The following entries are to be repeated exactly, and the pictures are to be left behind.

- _EXERCISE MATERIAL_:

▶

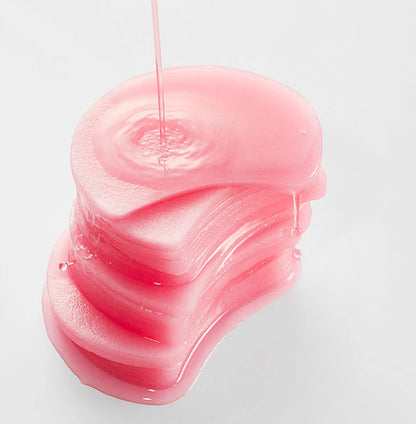 Textura en media luna de los pads antes de aplicar.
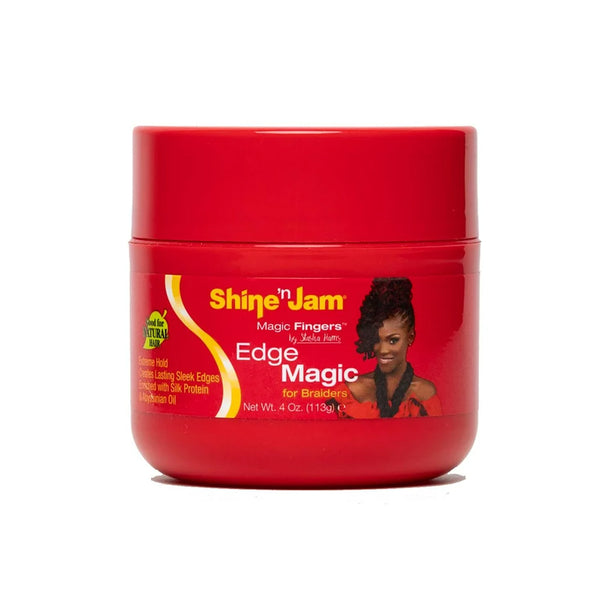 Magic Fingers Shine N Jam Edge Magic 4 Oz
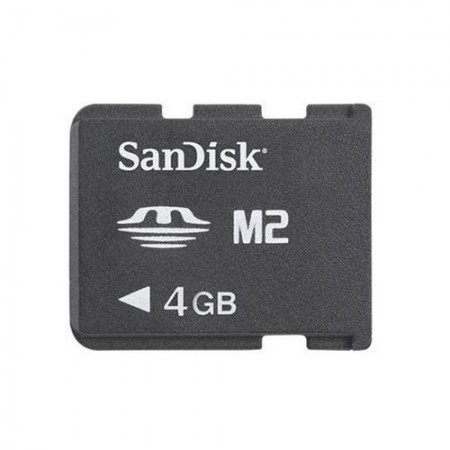 SanDisk MS 4GB M2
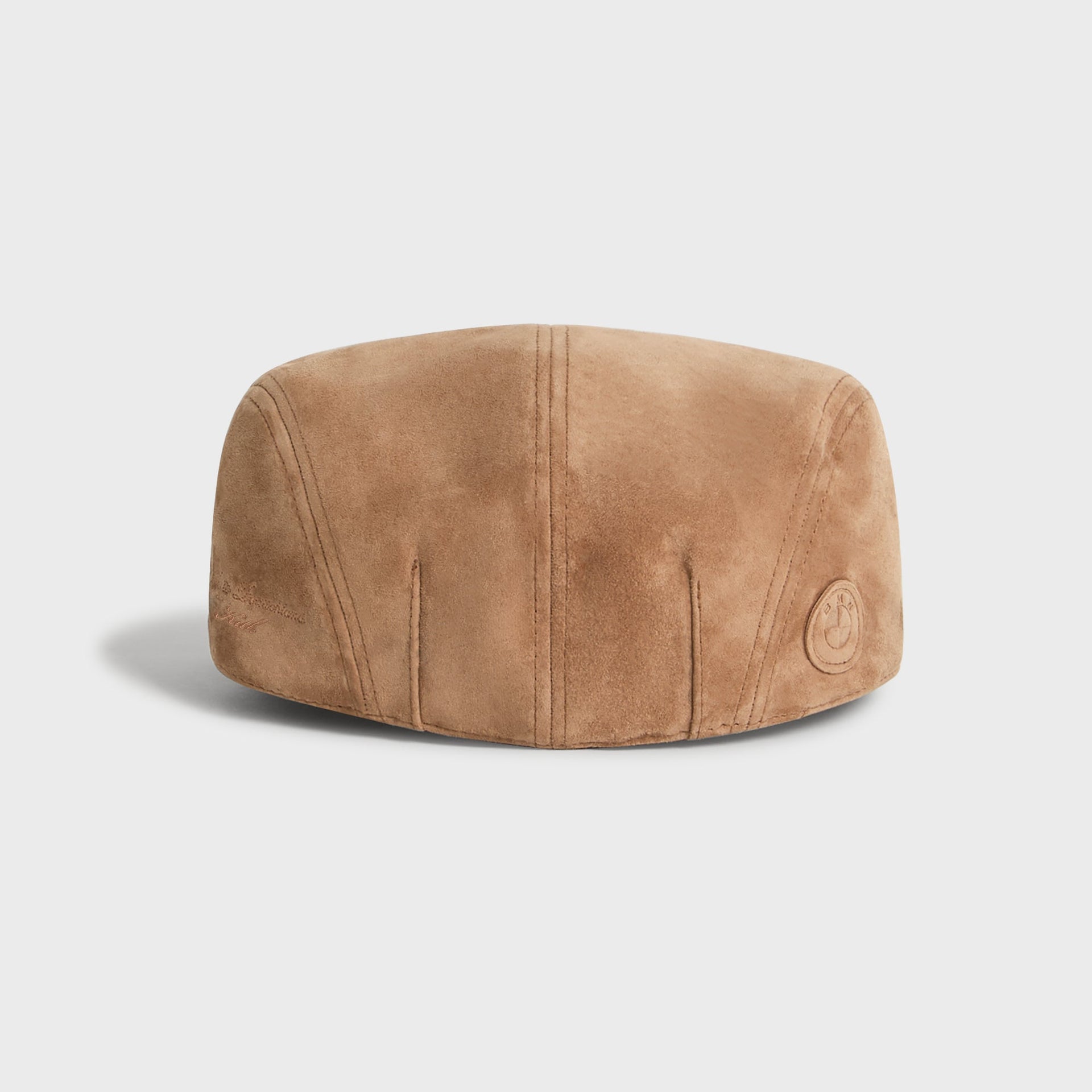 Kith for BMW Sheep Suede Drivers Cap - Oxford - PH
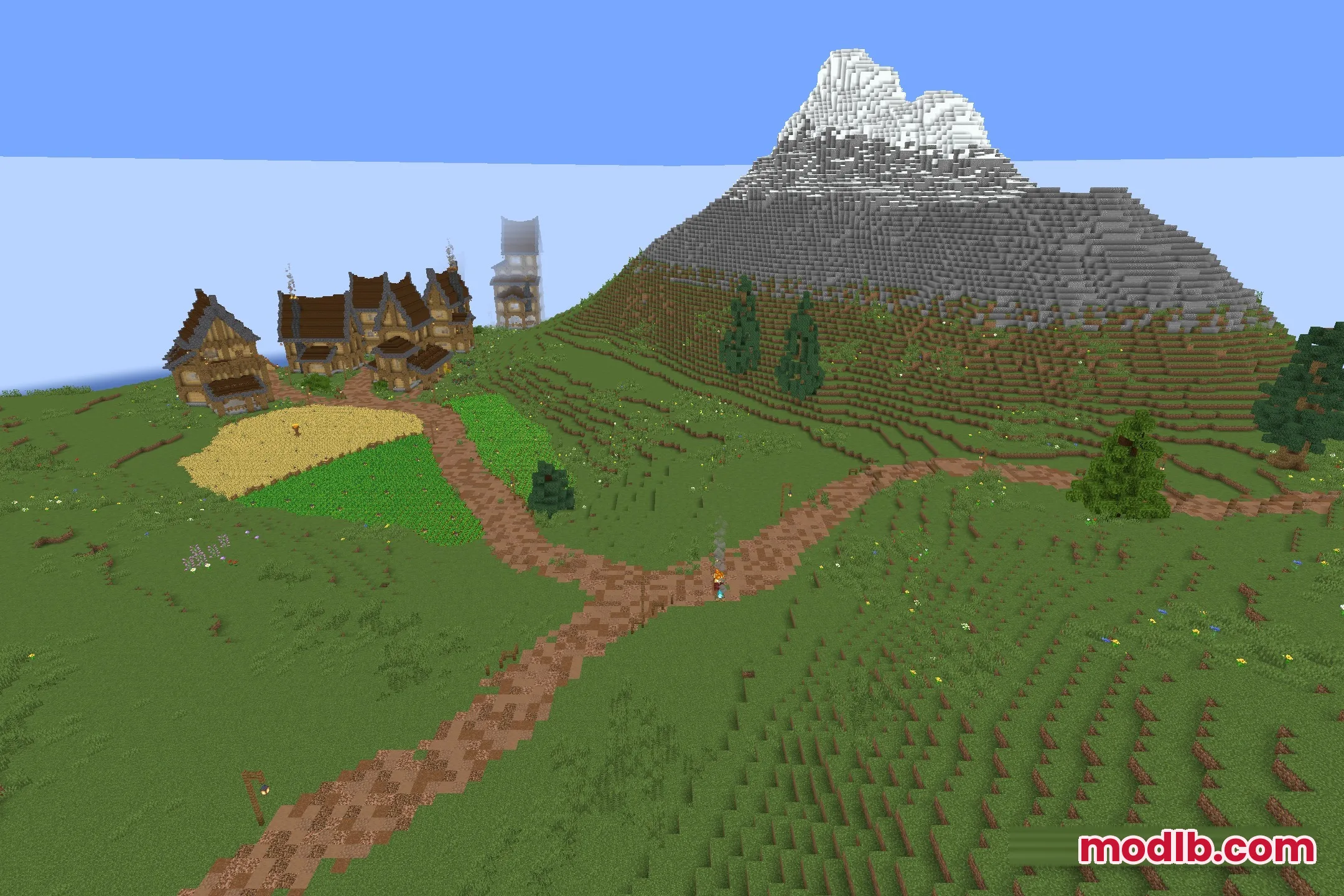 HyShaders Vanilla Shaders Screenshot 5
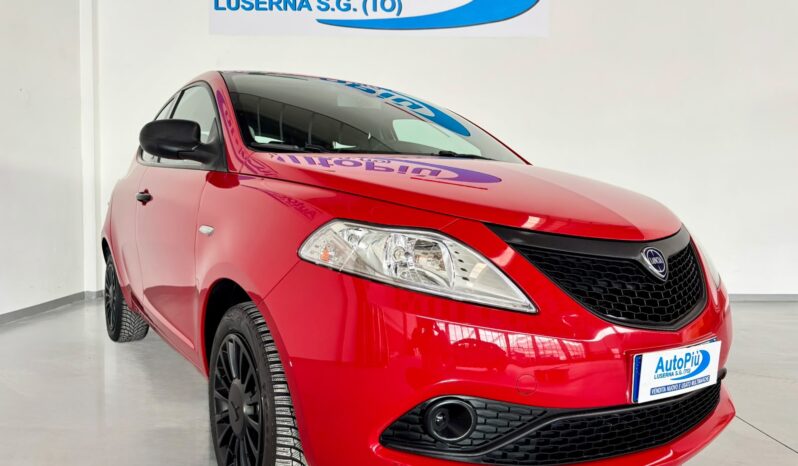 								LANCIA YPSILON 1.2 B/GPL ECOCHIC 69 CV full									
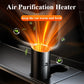 Car2025 Edition Heater Defogger 360 Rotatable Travel-Friendly Plug In 24V 12V Fast Cabin Warmth Winter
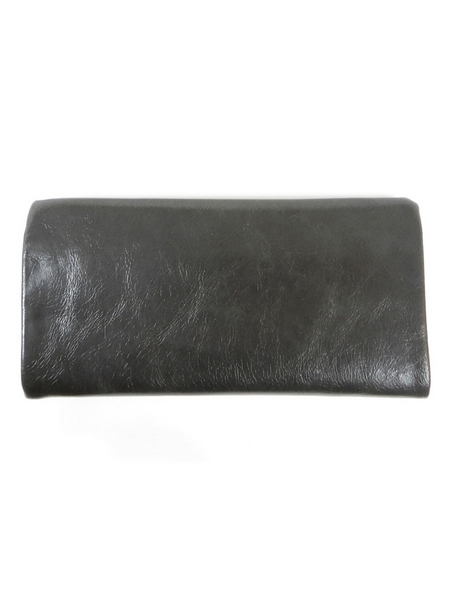 Кошелек женский No name Y663 gray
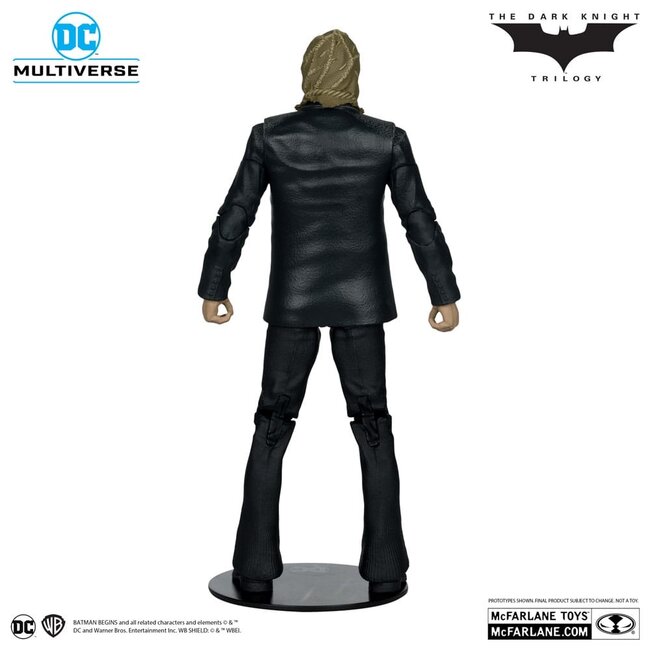 Batman Begins DC Multiverse Actionfigur Scarecrow (Chase Version) 18 cm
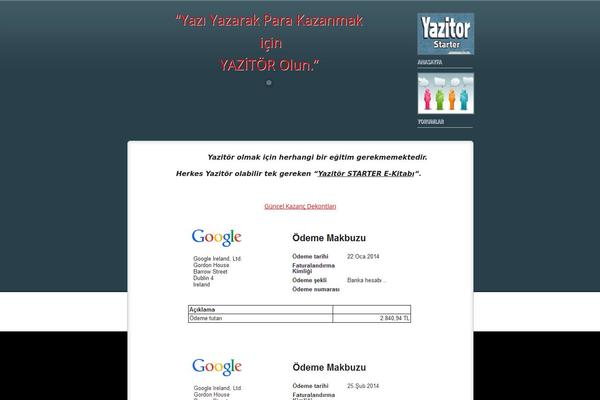 San Kloud theme site design template sample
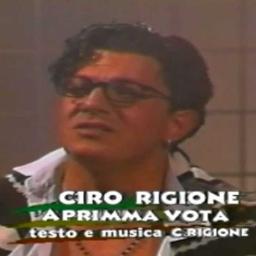 A primma vota Song Lyrics and Music by Ciro Rigione arranged by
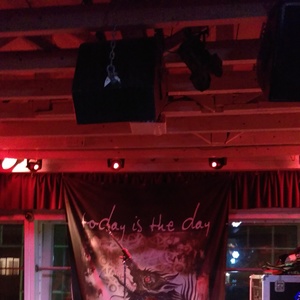 TODAY IS THE DAY at San Francisco, CA in Today Is The Day and Abigail Williams @ DNA Lounge 2015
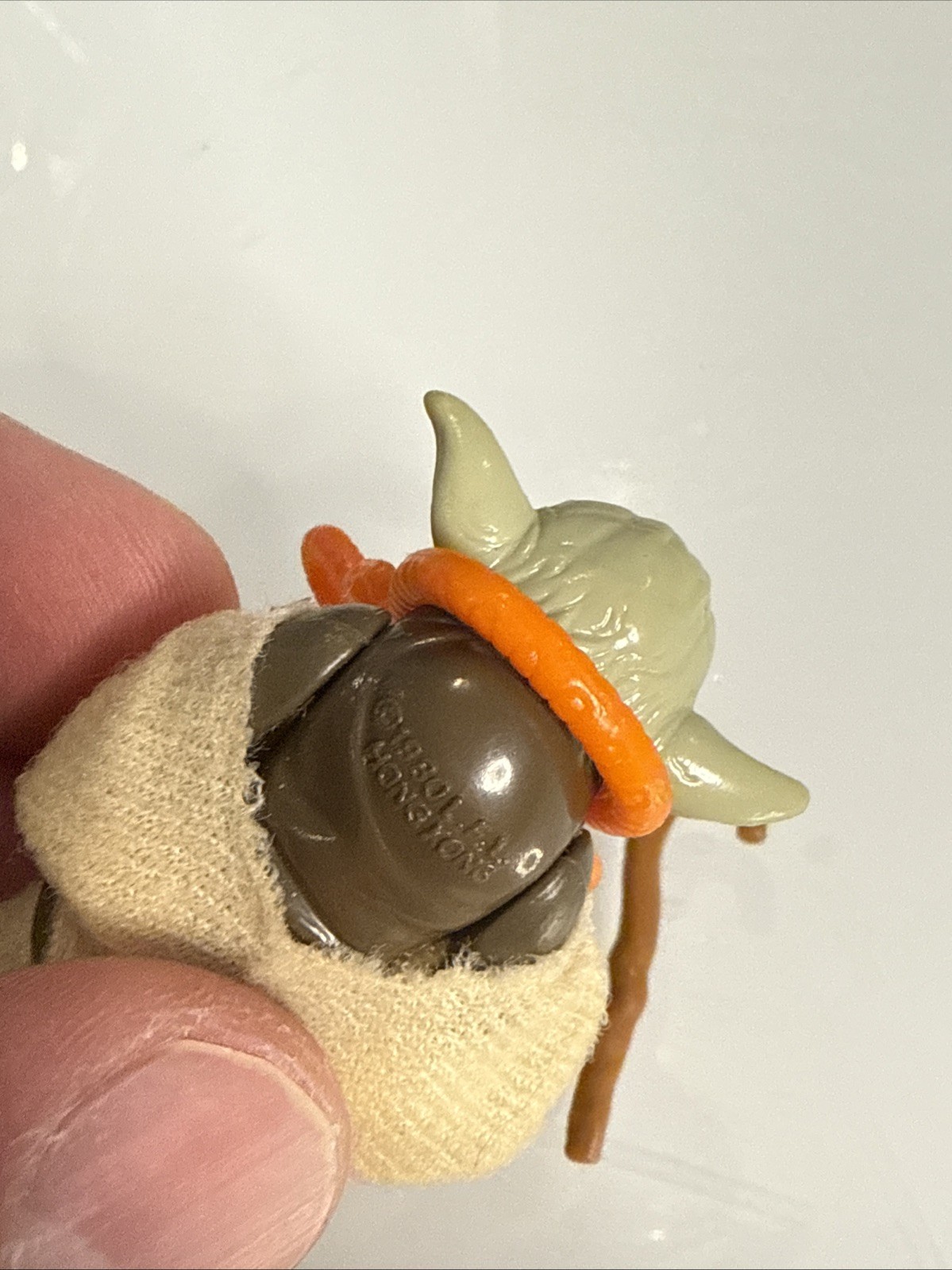 Yoda, The Jedi Master sold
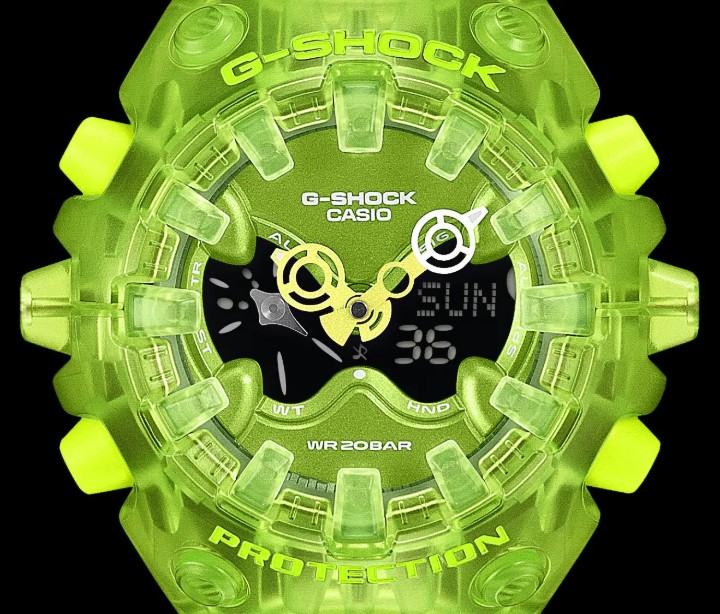 Obrázok z Casio G-Shock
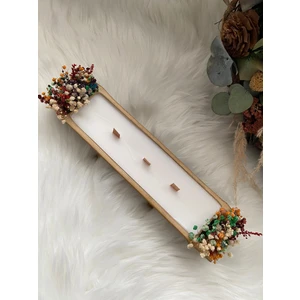 Nefha Candle Dekoratif Hediyelik Bambu Soya Wax Mum ( Koku Seçenekleri Açıklamada )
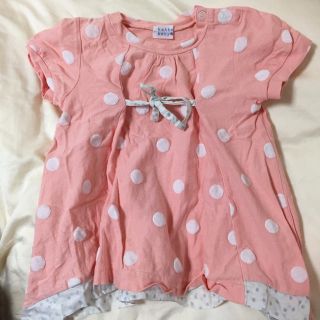 ハッカベビー(hakka baby)のnana様専用 hakka baby トップス 90(Tシャツ/カットソー)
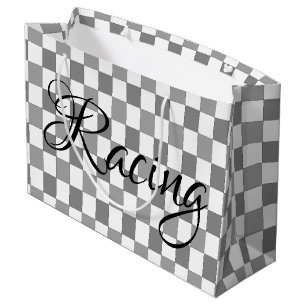 Racing Large Gift Bag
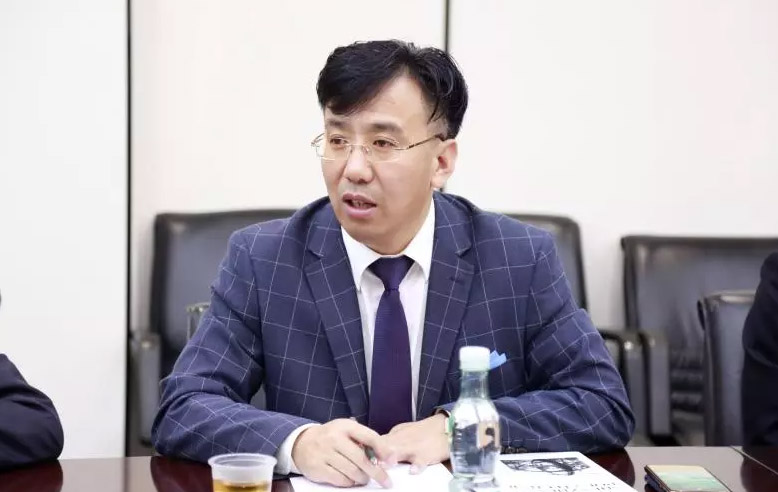 激发职业教育改革新动力,爱华教育携德国教育专家赴深职院交流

◀

- _ANSWER TO THIS PROBLEM_:
 Textura en media luna de los pads antes de aplicar.
 Magic Fingers Shine N Jam Edge Magic 4 Oz
 SanDisk MS 4GB M2
 Kith for BMW Sheep Suede Drivers Cap - Oxford - PH
 HyShaders Vanilla Shaders Screenshot 5
 								LANCIA YPSILON 1.2 B/GPL ECOCHIC 69 CV full									
 Car2025 Edition Heater Defogger 360 Rotatable Travel-Friendly Plug In 24V 12V Fast Cabin Warmth Winter
 Кошелек женский No name Y663 gray
 Batman Begins DC Multiverse Actionfigur Scarecrow (Chase Version) 18 cm
 San Kloud theme site design template sample
 A primma vota Song Lyrics and Music by Ciro Rigione arranged by
 TODAY IS THE DAY at San Francisco, CA in Today Is The Day and Abigail Williams @ DNA Lounge 2015
 Yoda, The Jedi Master sold
 Obrázok z Casio G-Shock
 Nefha Candle Dekoratif Hediyelik Bambu Soya Wax Mum ( Koku Seçenekleri Açıklamada )
 ハッカベビー(hakka baby)のnana様専用 hakka baby トップス 90(Tシャツ/カットソー)
 Racing Large Gift Bag
 激发职业教育改革新动力,爱华教育携德国教育专家赴深职院交流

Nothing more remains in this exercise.